┌────────
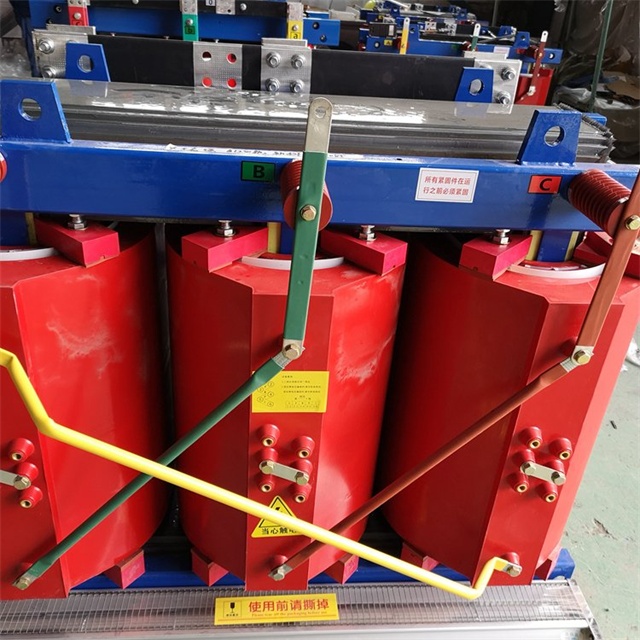 SCBH15-1250kVA干式变压器 园区节能配电非晶乡宁乡宁乡宁干式变压器 SCBH15-1250kVA乡宁乡宁乡宁干式变压器 园区节能配电非晶乡宁乡宁乡宁干式变压器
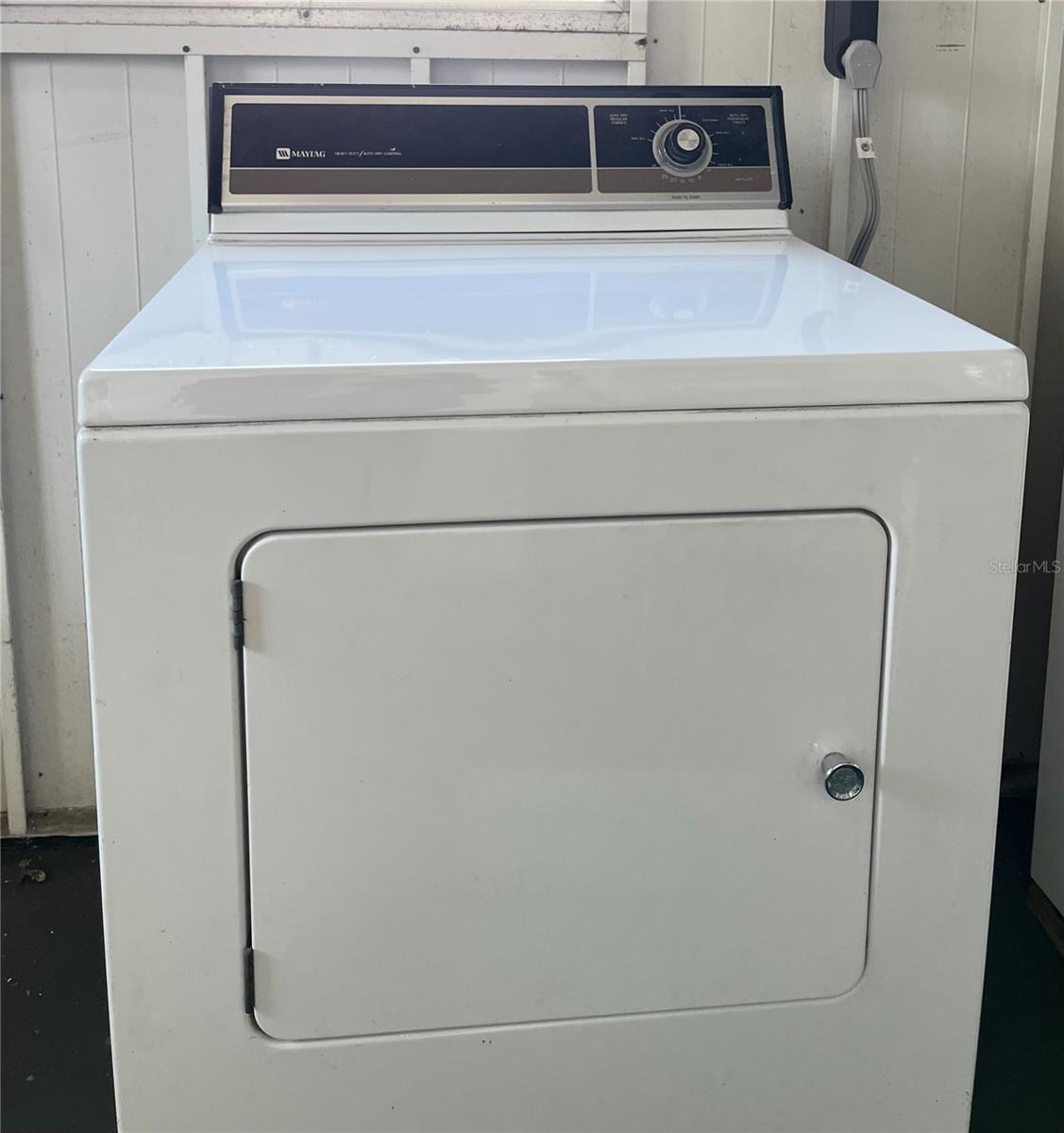 Image 42 of 71 For 3232 Ash Terrace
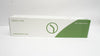 Bard 50814G Magic3 Go Intermitten Urinary Cath. 14Fr/Ch - Box of 30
└────────
Brief →
Transcribe the whole of the data exactly, minus any pictures.

Exercise solution →
 SCBH15-1250kVA干式变压器 园区节能配电非晶乡宁乡宁乡宁干式变压器 SCBH15-1250kVA乡宁乡宁乡宁干式变压器 园区节能配电非晶乡宁乡宁乡宁干式变压器
 Image 42 of 71 For 3232 Ash Terrace
 Bard 50814G Magic3 Go Intermitten Urinary Cath. 14Fr/Ch - Box of 30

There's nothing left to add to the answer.